*** Opening of DATASET EXCERPT ***

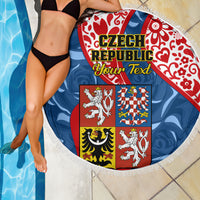 Personalised Czech Republic Independence Day Beach Blanket Czechia Coat Of Arms Embroidery Motif - Wonder Print Shop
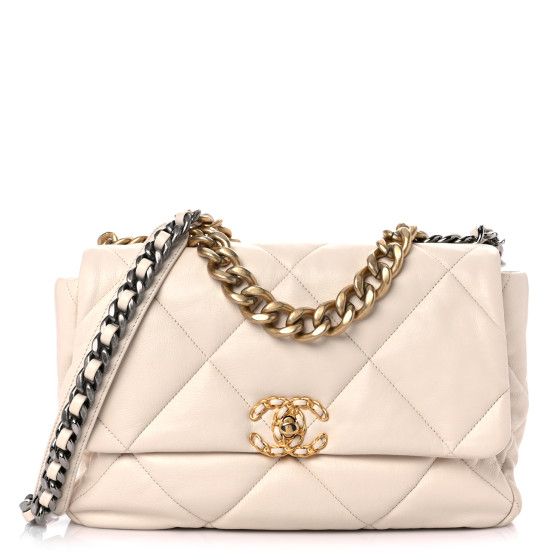 CHANEL Goatskin Quilted Large Chanel 19 Flap Light Beige | FASHIONPHILE (US)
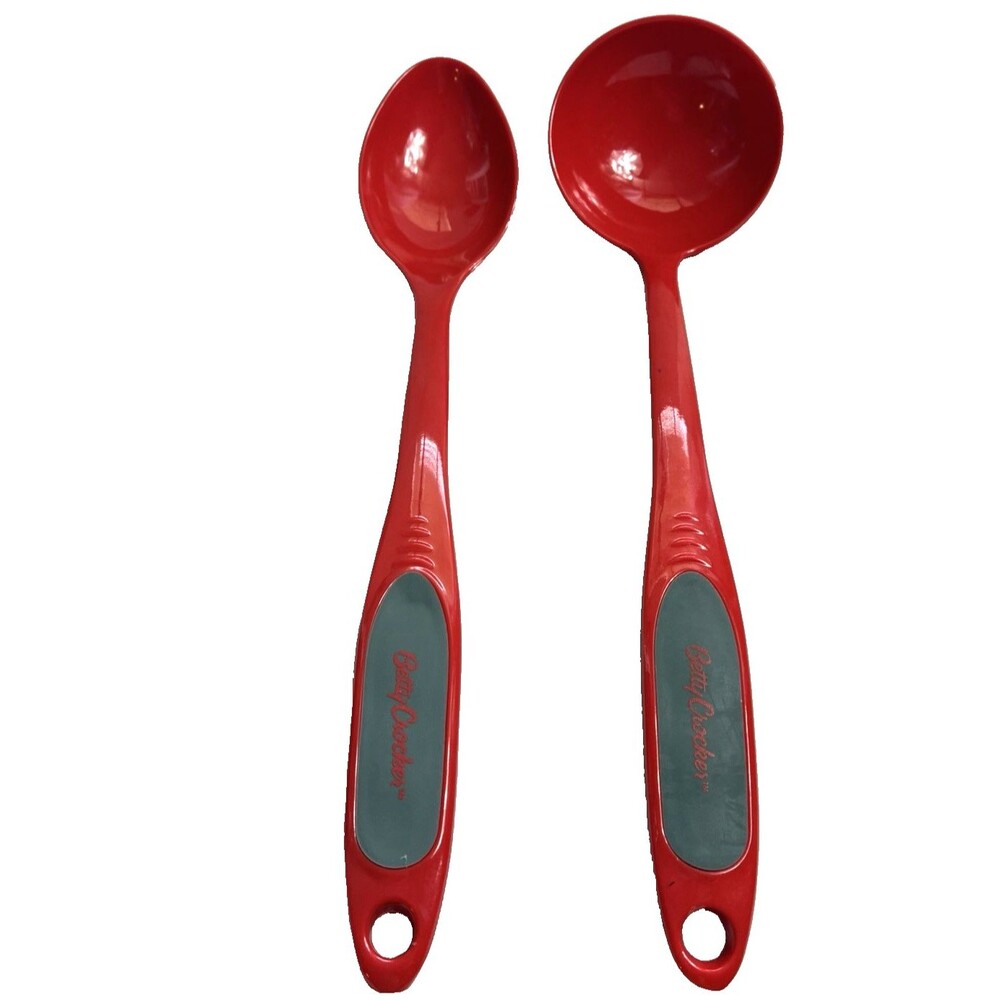 Betty Crocker Red Melamine Large Serving Spoon and Ladle 13.5" Long Set of 2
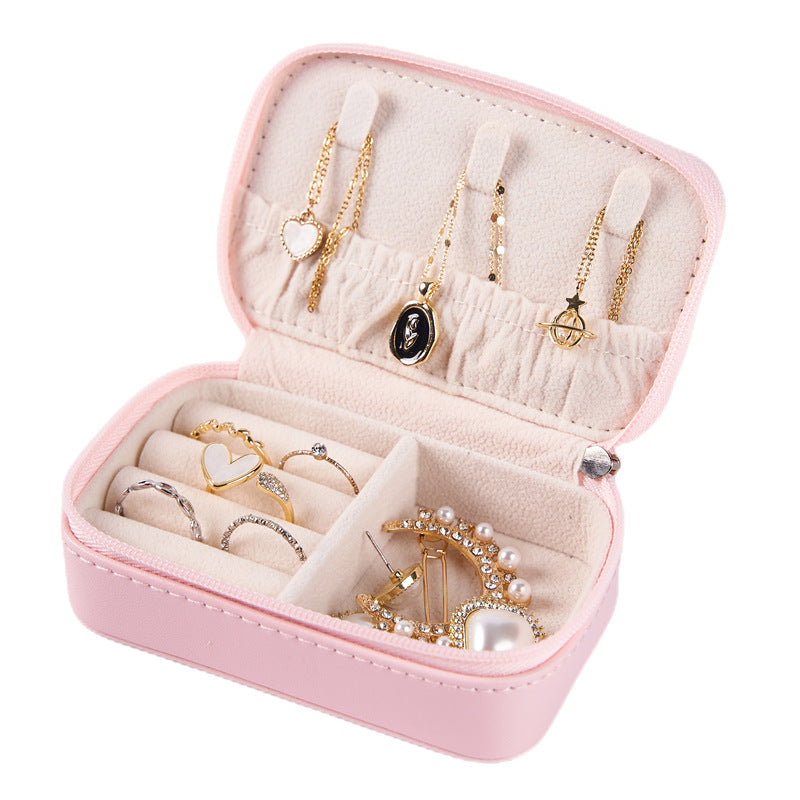 Mini jewelry bag, travel portable jewelry storage box, small leather earring jewelry storage jewelry box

*** Close of DATASET EXCERPT ***

PROBLEM STATEMENT:
Every line above is to be repeated exactly, but no picture is to appear in the copy.

YOUR SOLUTION:
 Personalised Czech Republic Independence Day Beach Blanket Czechia Coat Of Arms Embroidery Motif - Wonder Print Shop
 CHANEL Goatskin Quilted Large Chanel 19 Flap Light Beige | FASHIONPHILE (US)
 Betty Crocker Red Melamine Large Serving Spoon and Ladle 13.5" Long Set of 2
 Mini jewelry bag, travel portable jewelry storage box, small leather earring jewelry storage jewelry box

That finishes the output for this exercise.